Step,Training Loss,Validation Loss


**batch_size:** Larger batch sizes are preferable but constrained by available VRAM. The longer the training samples (increasing max_length during tokenization), the more VRAM is needed.
🛠 ️In this specific case of samples with a max_length of 1024 tokens, a batch_size of 1 is the maximum on a 24GB VRAM GPU. Gradient checkpointing is a feature that saves VRAM and was recently made available for Phi-2. Higher batch sizes than at the time of writing are now possible. To increase the effective batch size, gradient_accumulation_steps was set to 16 which has the downside of slowing down the training process.

**learning_rate:** Selected empirically. As I will try to convince you below, a rate of 2e-5 (0.00002) has shown effective results for this dataset.
️🛠 A learning rate of 4e-5also “works” and results in a finetuned model that responds in line with the training data. Which learning is better, what is the best setting? This depends on the size and kind of training data. You would simply have to try and see how the model behaves.
Note on the topic of measuring the performance of a fine-tuned model: LLM evaluation is hard, see below for my thoughts on benchmarks.

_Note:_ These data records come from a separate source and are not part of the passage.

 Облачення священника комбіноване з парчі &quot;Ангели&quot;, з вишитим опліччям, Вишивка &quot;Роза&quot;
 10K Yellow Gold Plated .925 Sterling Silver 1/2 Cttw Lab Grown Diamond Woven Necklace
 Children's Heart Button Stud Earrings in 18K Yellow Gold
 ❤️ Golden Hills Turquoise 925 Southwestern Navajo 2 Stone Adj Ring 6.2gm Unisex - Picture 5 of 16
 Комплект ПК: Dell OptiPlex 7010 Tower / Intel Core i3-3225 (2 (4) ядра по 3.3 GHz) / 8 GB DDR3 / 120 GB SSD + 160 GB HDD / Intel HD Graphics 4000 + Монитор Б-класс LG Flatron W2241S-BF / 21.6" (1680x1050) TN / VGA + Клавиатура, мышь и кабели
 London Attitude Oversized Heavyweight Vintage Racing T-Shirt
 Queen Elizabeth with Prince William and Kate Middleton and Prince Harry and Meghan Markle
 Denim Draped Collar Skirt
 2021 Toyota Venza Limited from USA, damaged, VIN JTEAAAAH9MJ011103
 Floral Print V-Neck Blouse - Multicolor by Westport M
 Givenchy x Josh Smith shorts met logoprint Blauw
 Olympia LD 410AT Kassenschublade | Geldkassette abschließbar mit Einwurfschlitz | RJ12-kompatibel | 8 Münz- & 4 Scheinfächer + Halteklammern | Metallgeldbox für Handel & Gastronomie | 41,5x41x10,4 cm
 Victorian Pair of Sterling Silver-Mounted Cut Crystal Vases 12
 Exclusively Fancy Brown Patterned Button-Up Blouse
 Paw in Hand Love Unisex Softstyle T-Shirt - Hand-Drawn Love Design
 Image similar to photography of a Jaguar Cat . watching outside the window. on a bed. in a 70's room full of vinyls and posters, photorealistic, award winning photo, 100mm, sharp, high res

**lr_scheduler_type:** Following the recommendation of the QLoRA author Tim Dettmers for using a constant learning rate schedule, I’ve adopted this approach and found it consistently effective for Phi-2, and also Llama 1/2 and Mistral.

**bf16:** For mixed precision training, we utilize bfloat16 (bf16), which consumes less memory compared to 32-bit formats and provides a broader dynamic range than fp16. Using fp16 previously led to Not a Number (NaN) errors when working with Phi-2. However, bf16 demands an NVIDIA Ampere (or newer) GPU.

**epochs:** 20 epochs is an unusually high number. We use such a high number because our dataset is tiny. A more detailed explanation follows below.

Training for 20 epochs might seem excessive. For comparison, a dataset with around **12k conversations typically requires only 3 epochs.** 

Applying this logic to our riddles dataset: 1 epoch = 1680 conversations, our target was to train on approximately 36k conversations in total, which translates to around 21 epochs.